• Given data
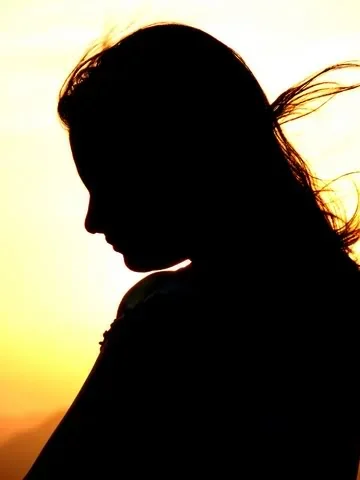 sad-woman-silhouette[1].webp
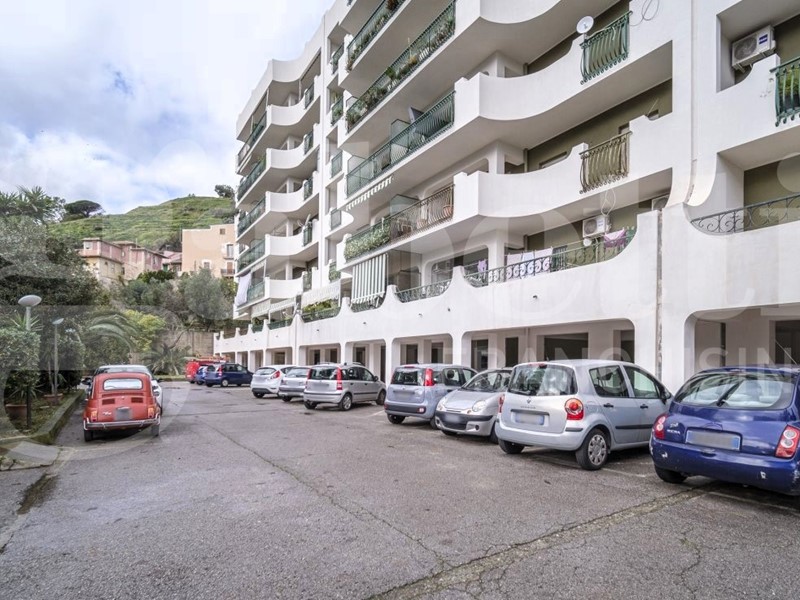 Quadrilocale in Vendita a Messina, 107'000€, 120 m²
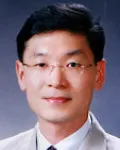 대학교수인 이강석의 대표 이미지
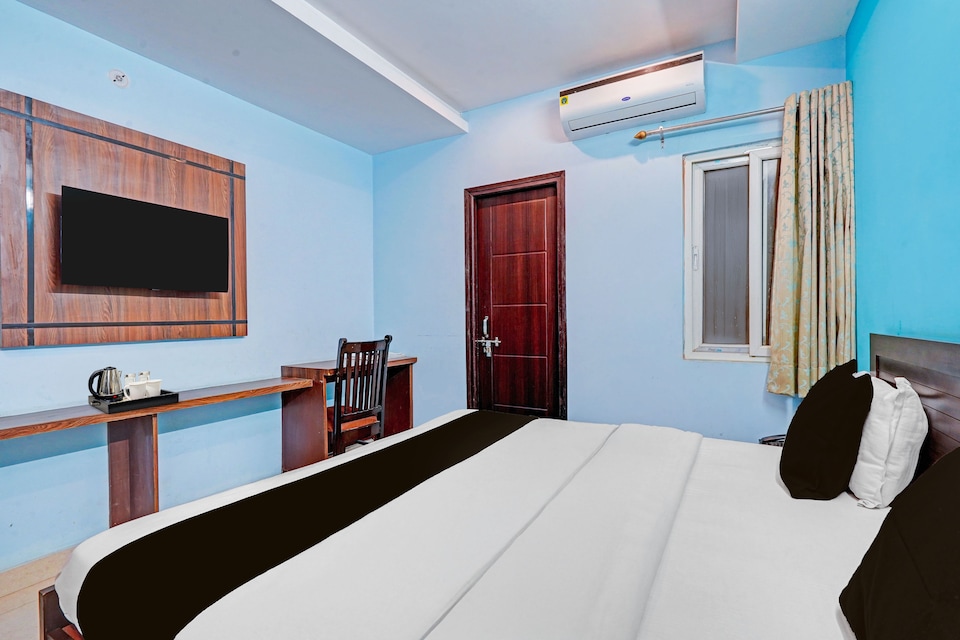 OYO Townhouse SSM Hospital Formerly The Arcas Hotel, Gomti Nagar Lucknow, Lucknow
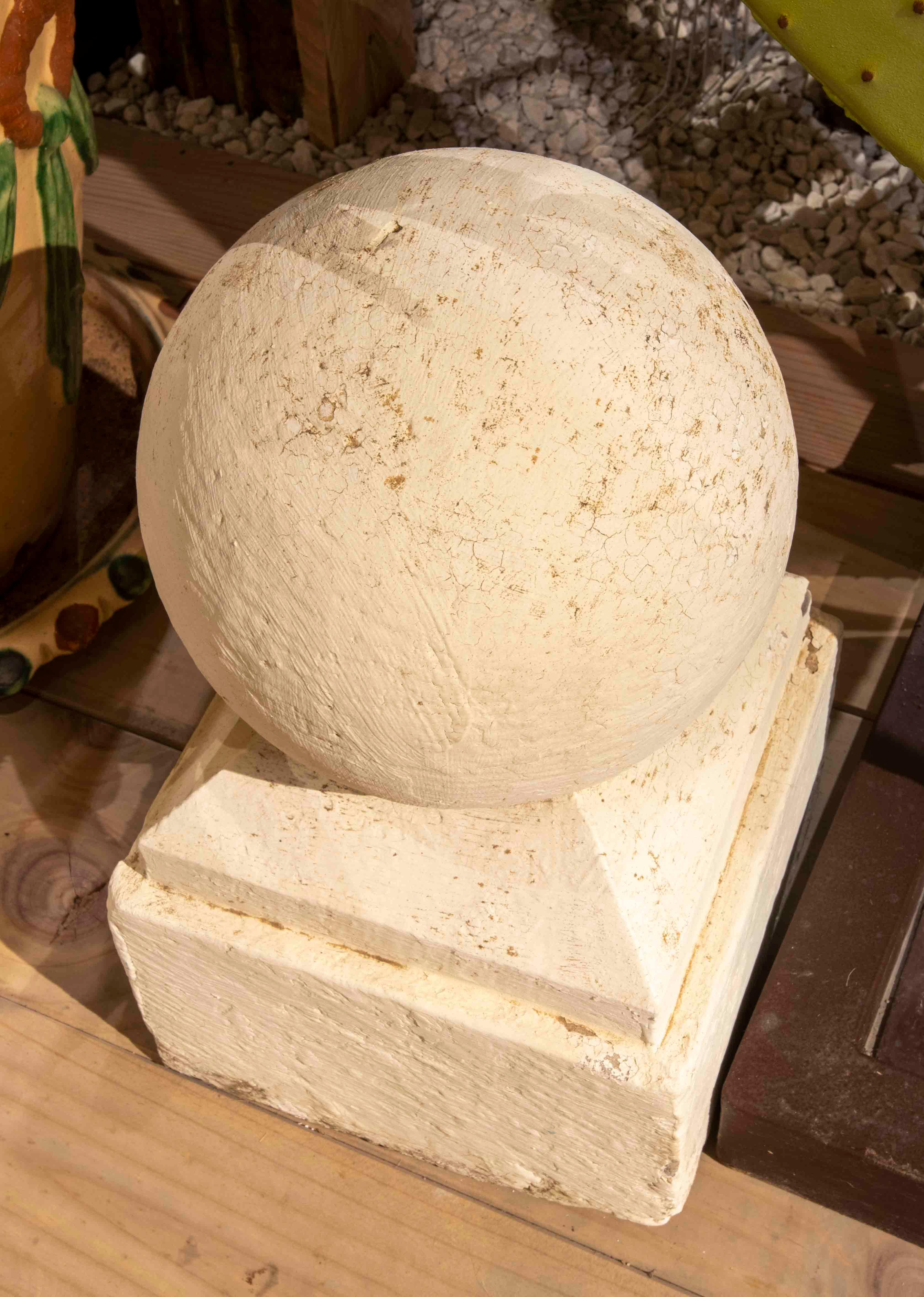 Pair of Whitewashed Ball-Shaped Cement Finials 5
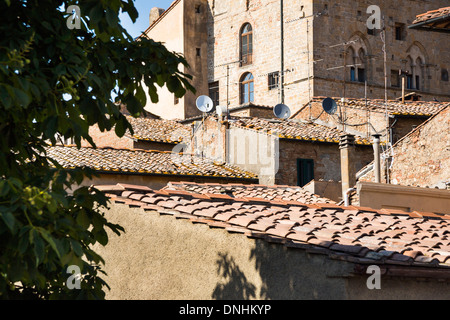 Case in una città vecchia, Volterra, in provincia di Pisa, Toscana, Italia Foto Stock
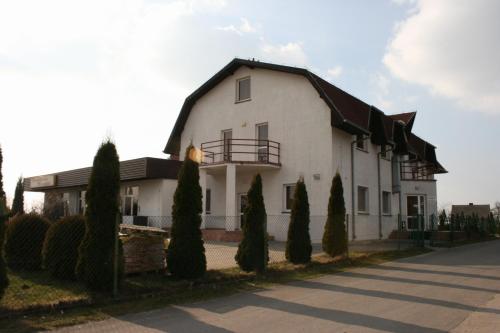 Staropolski Gosciniec — hotel in Gorzow Slaski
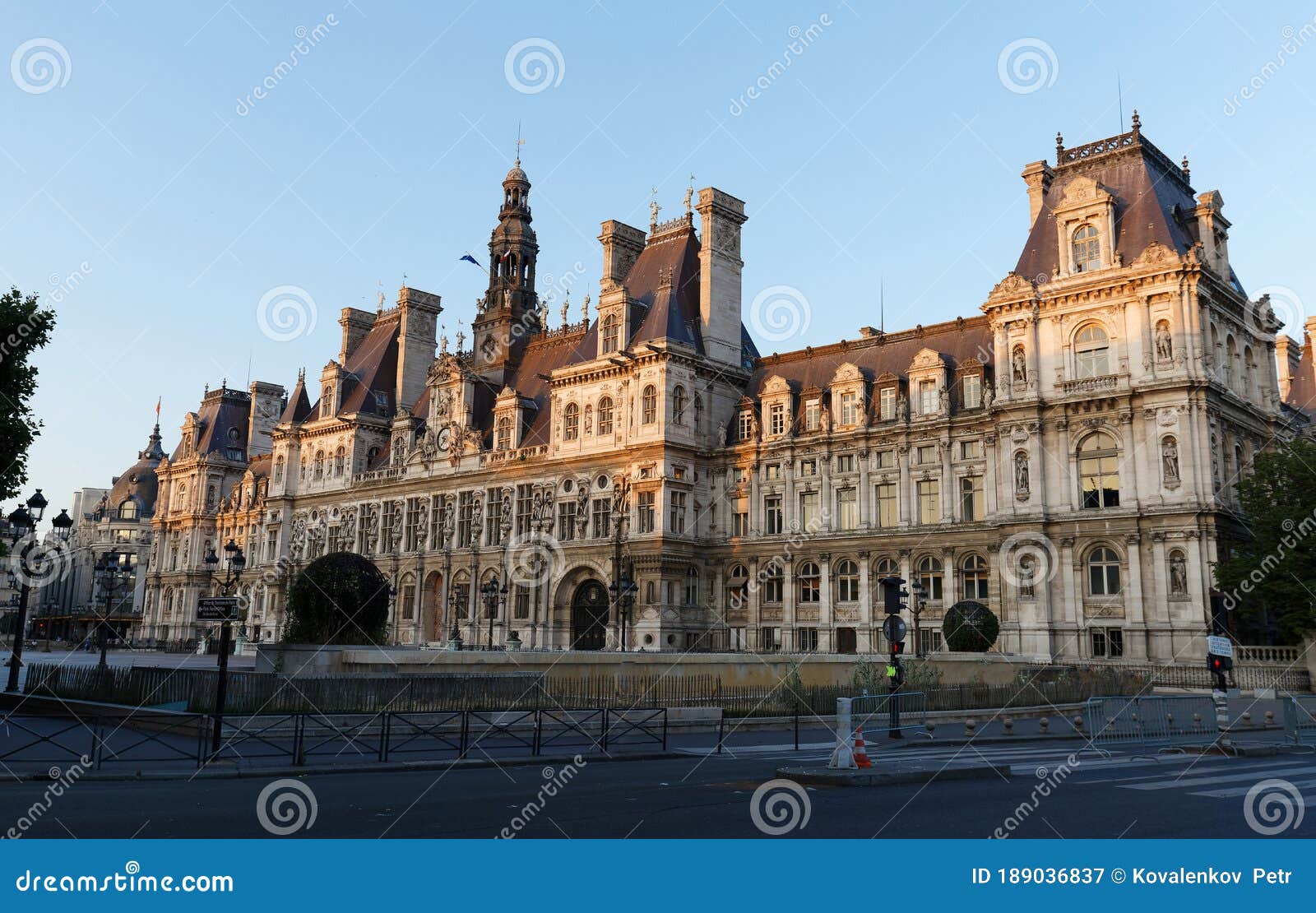 Paris, the City Hall, Place De L Hotel De Ville, Beautiful Parisian ...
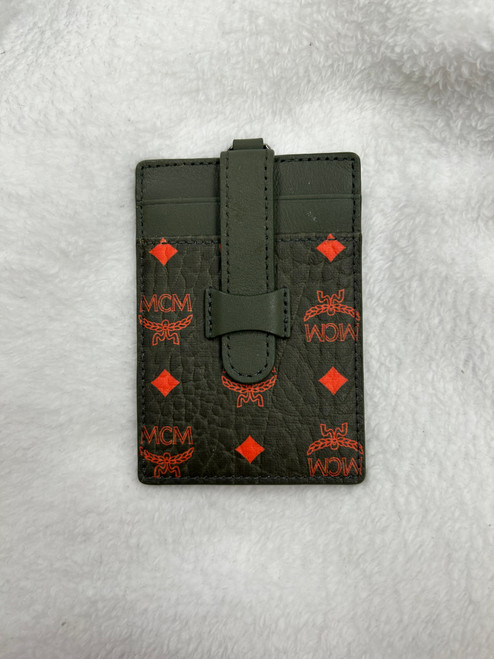 Vist Large View of Product Image Which is Used Unbranded Leather Wristlet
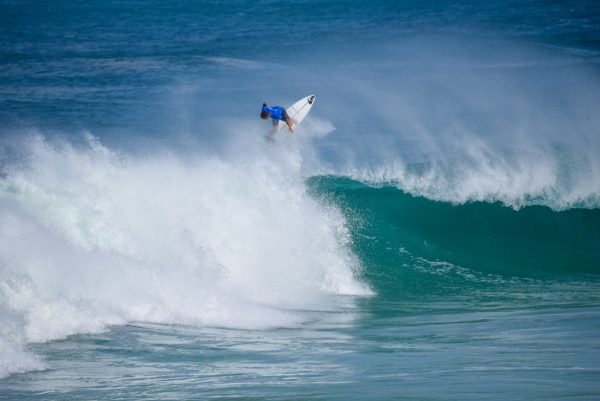 Surfistas profissionais elogiam ondas de Ponta Negra durante o Maricá Surf Pro/AM
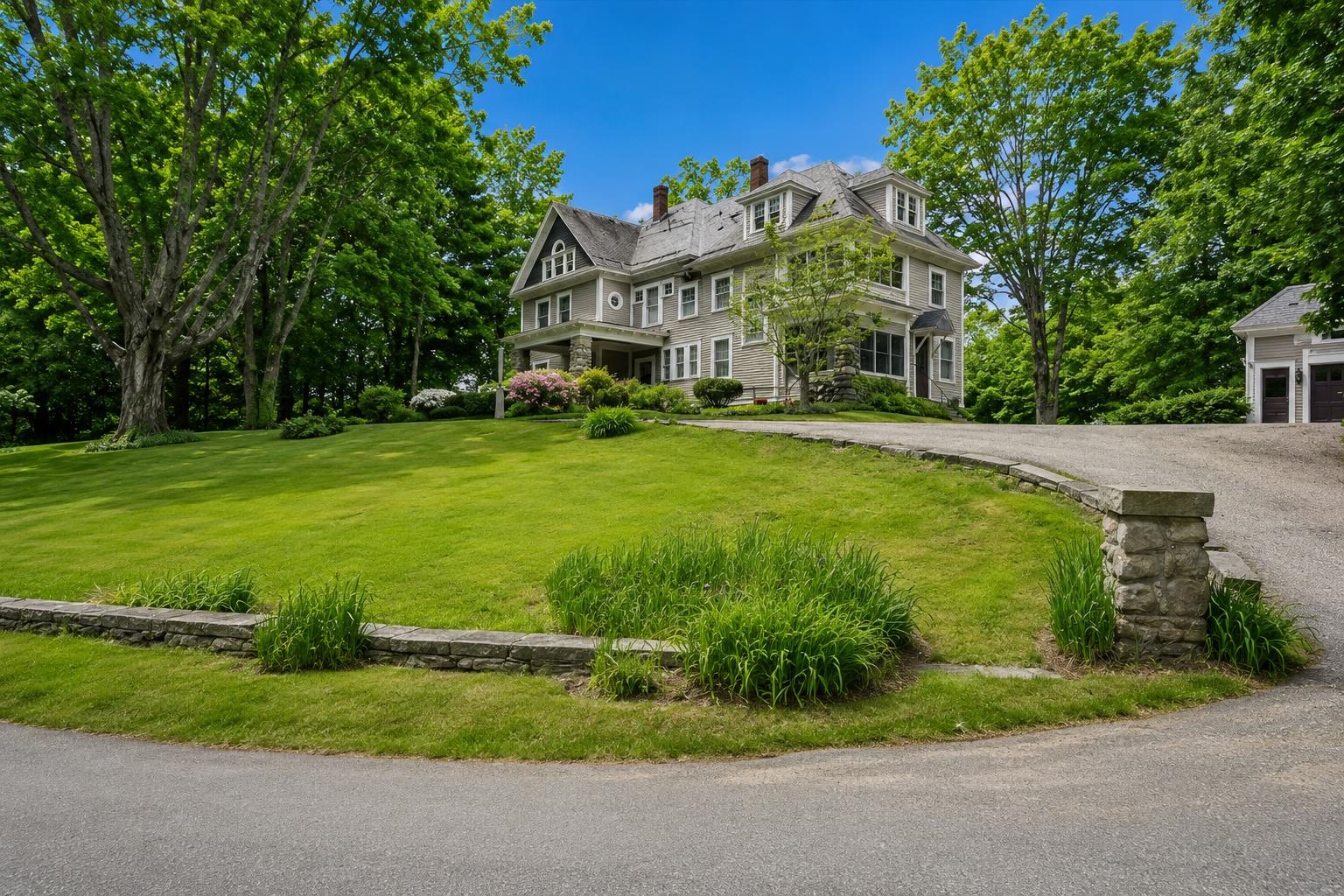 12 Granite Street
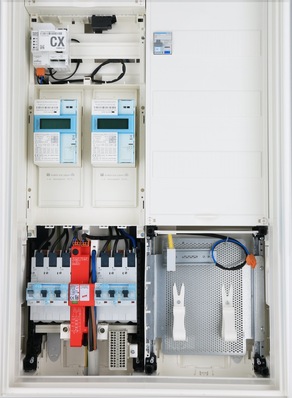 The Dehnshield ZP Basic SG combination arrester meets the basic normative requirements for surge protection.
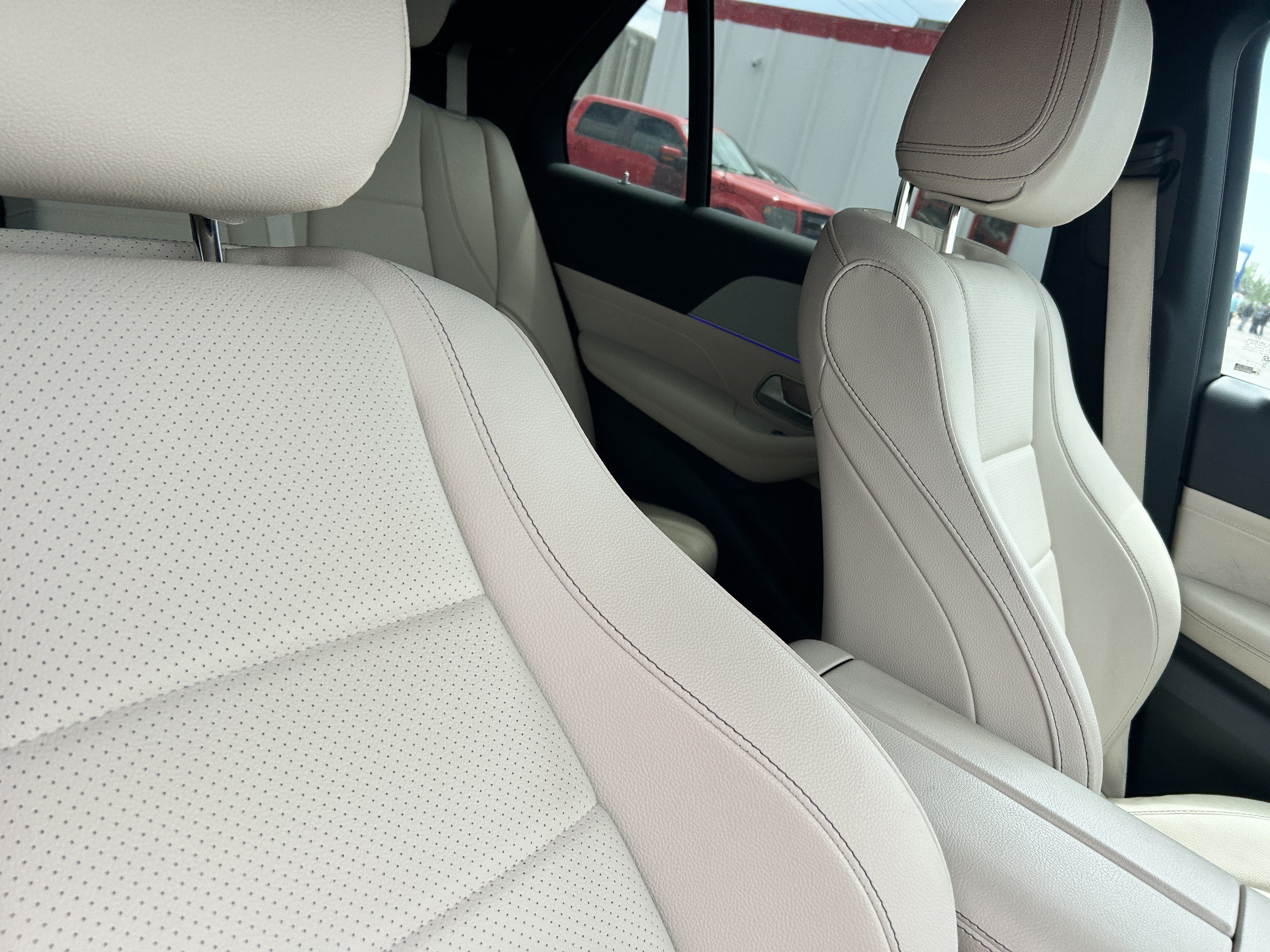 Used 2025 Mercedes-Benz GLE 350 4MATIC image 14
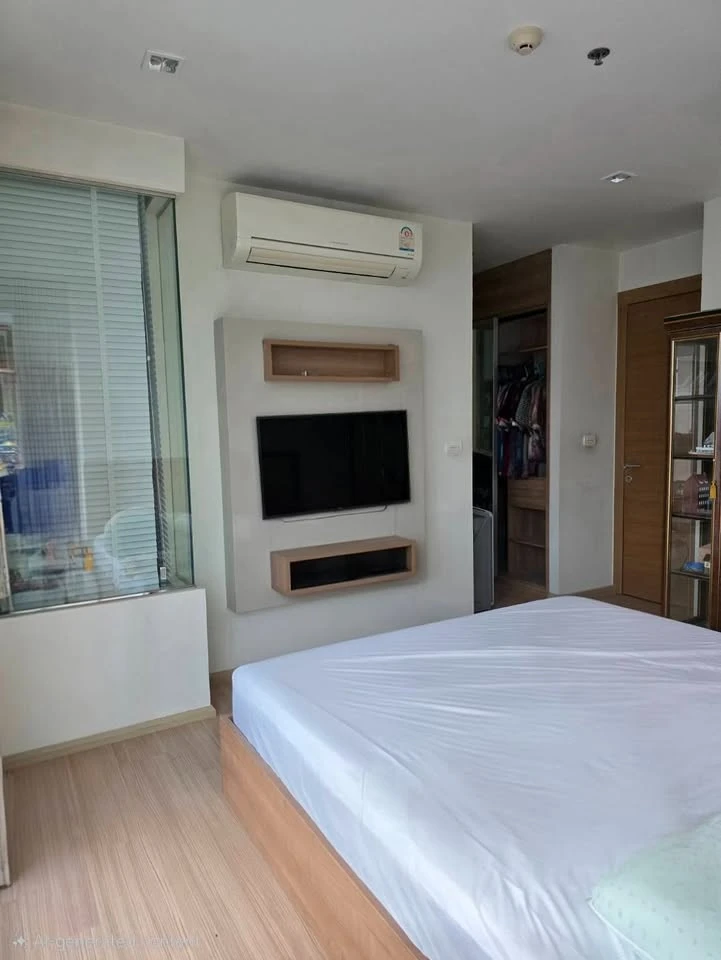Selling Rhythm Ratchada-Huai Khwang, corner unit, 2 bedrooms, fully furnished. Don't miss out!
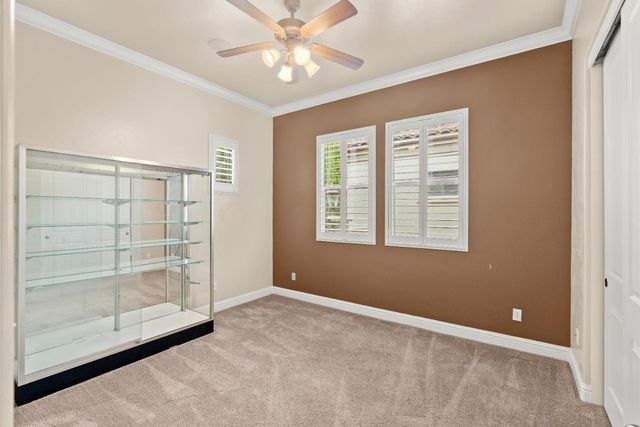 3900 Stoneleigh Ct, Roseville, CA 95747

• Activity
I need the lines from the one containing "Case in una" through the end of the records retyped exactly, with the pictures left out.

• Result of this task
 Case in una città vecchia, Volterra, in provincia di Pisa, Toscana, Italia Foto Stock
 Staropolski Gosciniec — hotel in Gorzow Slaski
 Paris, the City Hall, Place De L Hotel De Ville, Beautiful Parisian ...
 Vist Large View of Product Image Which is Used Unbranded Leather Wristlet
 Surfistas profissionais elogiam ondas de Ponta Negra durante o Maricá Surf Pro/AM
 12 Granite Street
 The Dehnshield ZP Basic SG combination arrester meets the basic normative requirements for surge protection.
 Used 2025 Mercedes-Benz GLE 350 4MATIC image 14
Selling Rhythm Ratchada-Huai Khwang, corner unit, 2 bedrooms, fully furnished. Don't miss out!
 3900 Stoneleigh Ct, Roseville, CA 95747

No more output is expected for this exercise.